*AIM OF THE EXERCISE*.
Within the entries below, find the portion that opens with the line containing "Coal mines endanger" and closes with the line containing "Smoked Chicken Thighs- Exclusive Recipe Set". Retype that portion exactly and only.

*PROVIDED INFORMATION*.

——

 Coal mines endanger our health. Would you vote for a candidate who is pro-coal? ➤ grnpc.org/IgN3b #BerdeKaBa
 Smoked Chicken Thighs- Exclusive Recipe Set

——

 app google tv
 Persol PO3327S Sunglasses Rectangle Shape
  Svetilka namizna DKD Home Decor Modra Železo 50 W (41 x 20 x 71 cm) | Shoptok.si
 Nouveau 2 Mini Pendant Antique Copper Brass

——

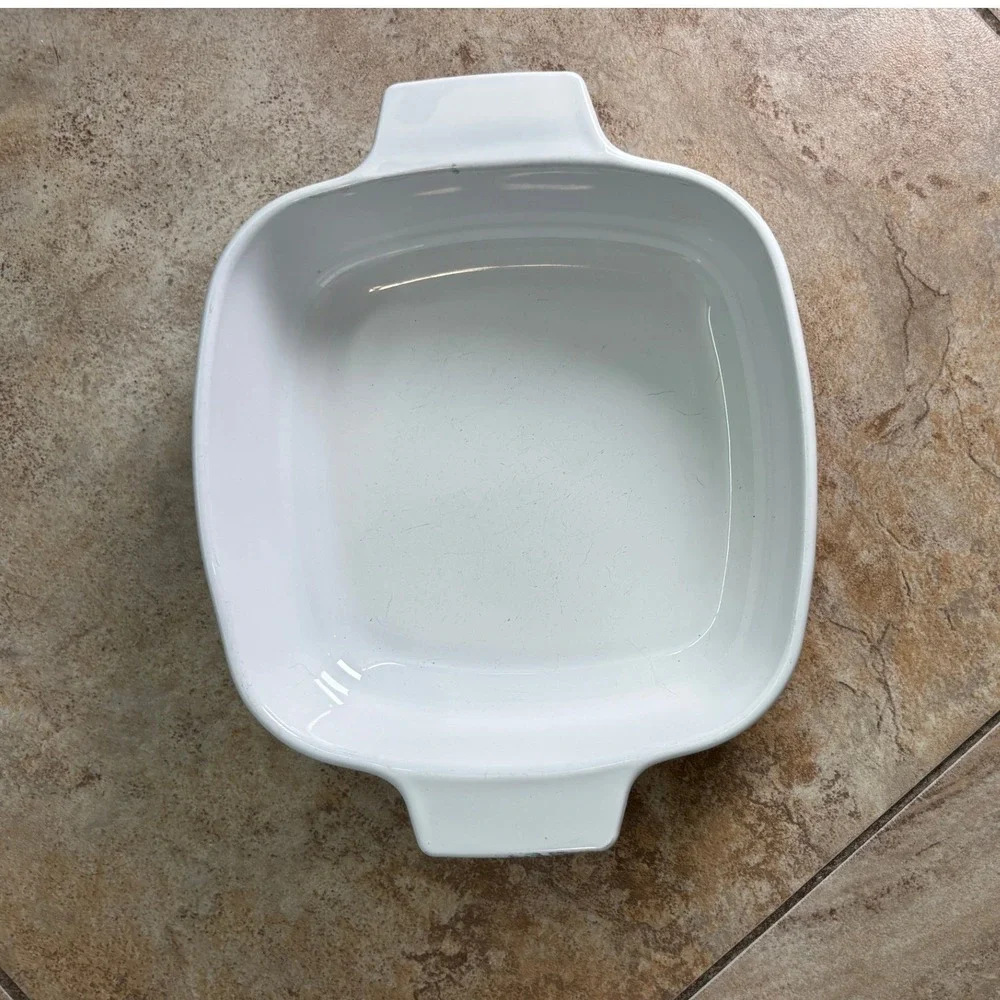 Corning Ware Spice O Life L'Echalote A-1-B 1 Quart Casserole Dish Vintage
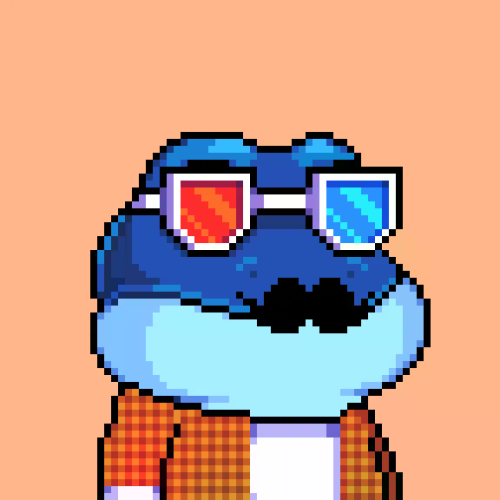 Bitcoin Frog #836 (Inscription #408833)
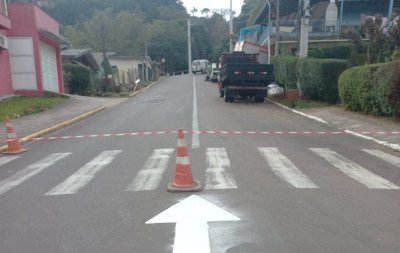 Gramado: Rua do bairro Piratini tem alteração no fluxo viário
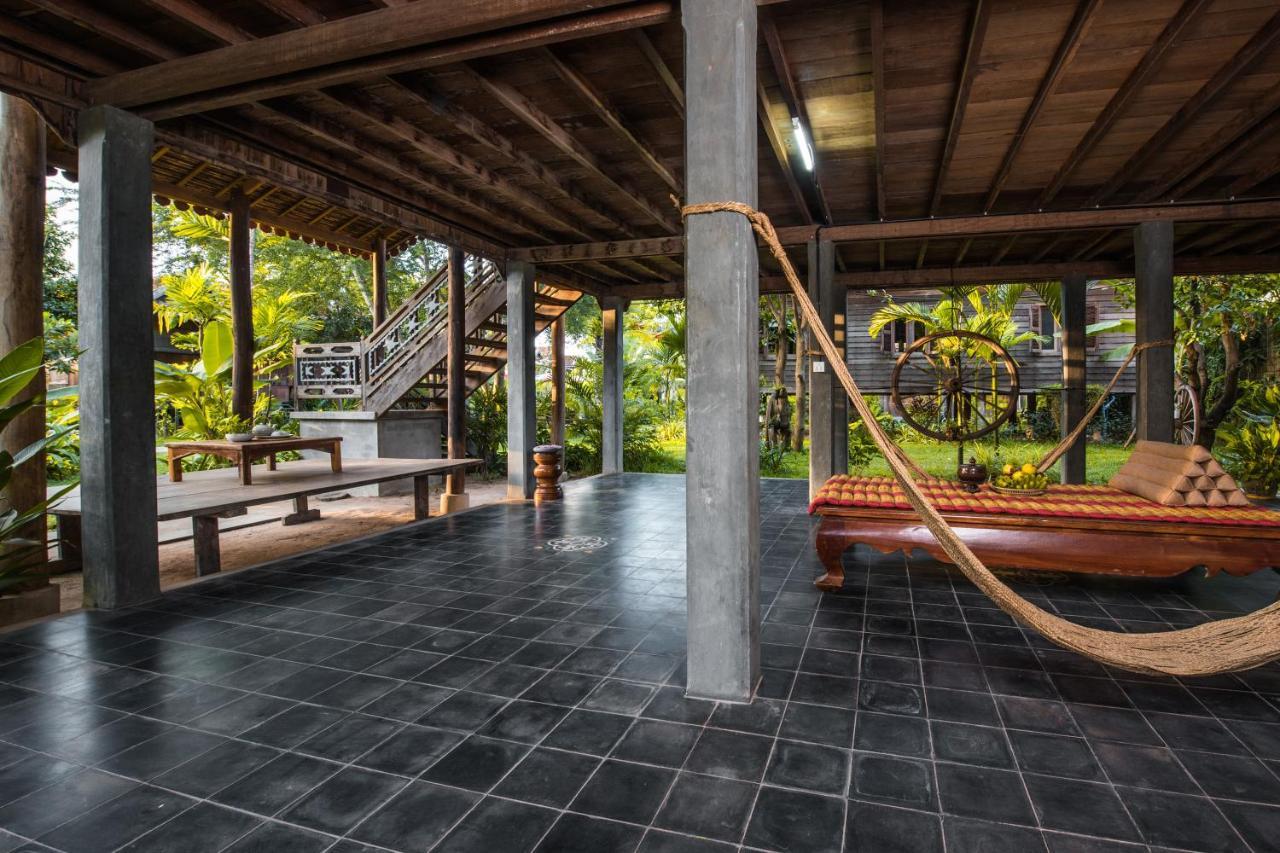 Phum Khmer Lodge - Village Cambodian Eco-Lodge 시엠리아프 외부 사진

——

*FINISHED TASK*.
 Coal mines endanger our health. Would you vote for a candidate who is pro-coal? ➤ grnpc.org/IgN3b #BerdeKaBa
 Smoked Chicken Thighs- Exclusive Recipe Set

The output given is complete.